• **EXERCISE INSTRUCTIONS**
A verbatim reproduction of the following listing is required; omit the pictures.

• **DATA FOR THIS EXERCISE**
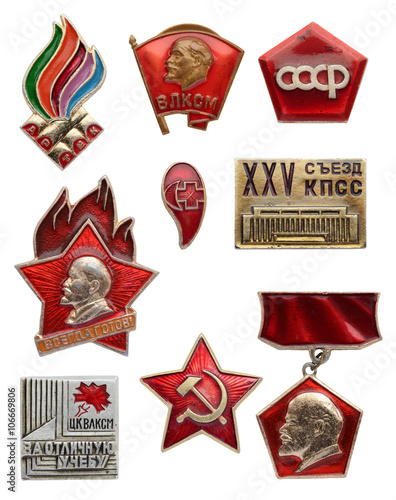 Foto Old Soviet communist icon set. Artek. VLKSM - Lenin youth organi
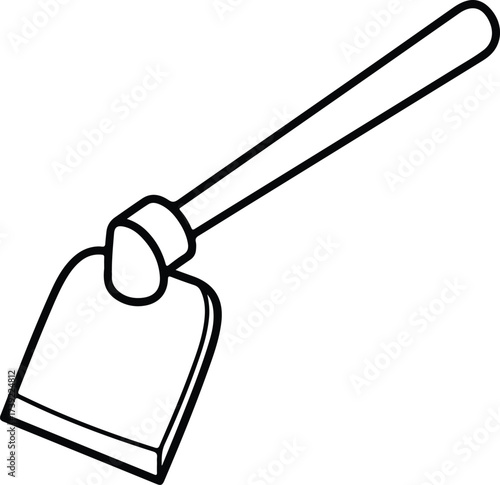 Vector silhouette garden hoe outline tool illustration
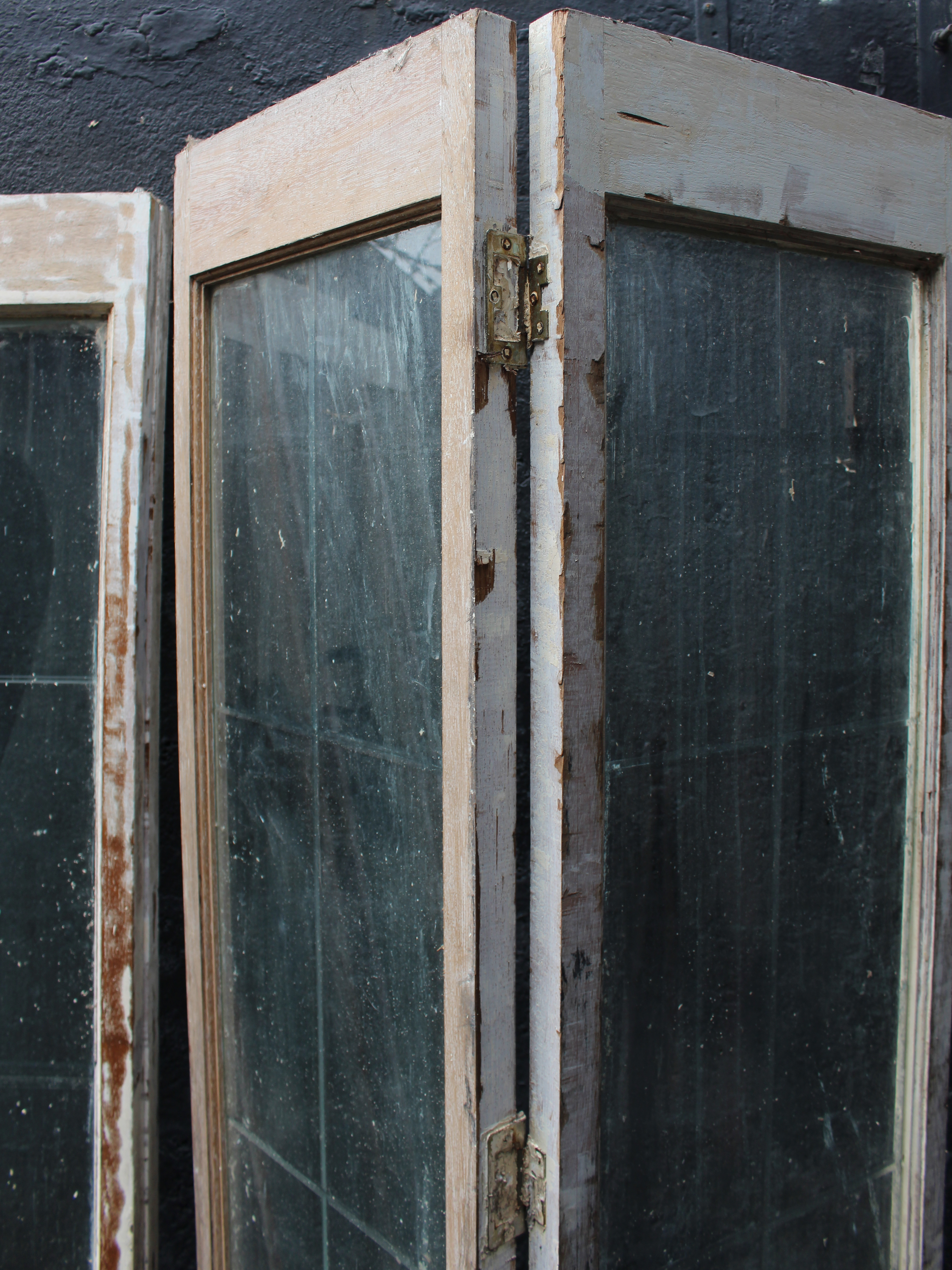 Set of 4 Vintage Carved Wood Bevelled Glazed Hinged Doors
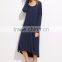 Navy Drop Shoulder Cut And Sew High Low Dress Scoop Neck Cotton Spandex Casual Split Hem Tee Dress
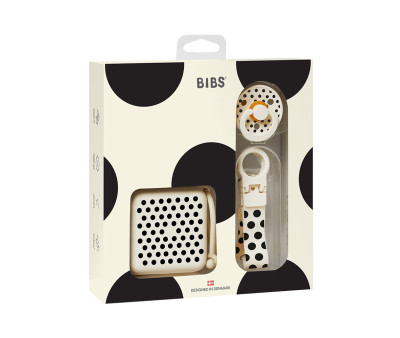 Coffret Cadeau BIBS Baby Soothe & Go Polka Ivory/Black 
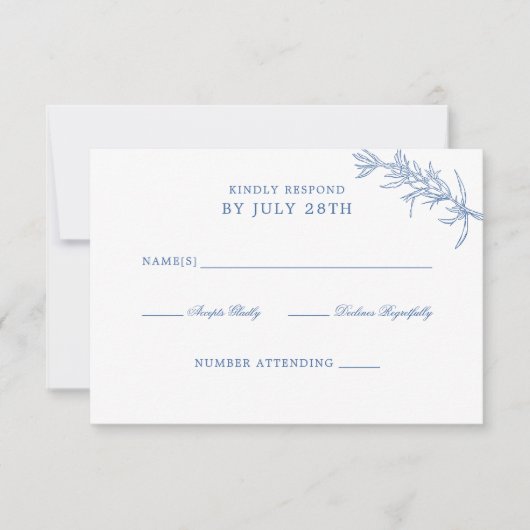 Elegante Classic Blue Floral Wedding RSVP Karte (Vorderseite)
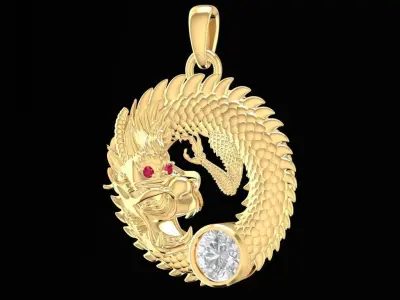 Luxury Chinese Dragon Pendant with Gemstone 3D Model 2261 3D print model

• **YOUR SOLUTION**
 Foto Old Soviet communist icon set. Artek. VLKSM - Lenin youth organi
 Vector silhouette garden hoe outline tool illustration
 Set of 4 Vintage Carved Wood Bevelled Glazed Hinged Doors
 Navy Drop Shoulder Cut And Sew High Low Dress Scoop Neck Cotton Spandex Casual Split Hem Tee Dress
 Coffret Cadeau BIBS Baby Soothe & Go Polka Ivory/Black 
 Elegante Classic Blue Floral Wedding RSVP Karte (Vorderseite)
 Luxury Chinese Dragon Pendant with Gemstone 3D Model 2261 3D print model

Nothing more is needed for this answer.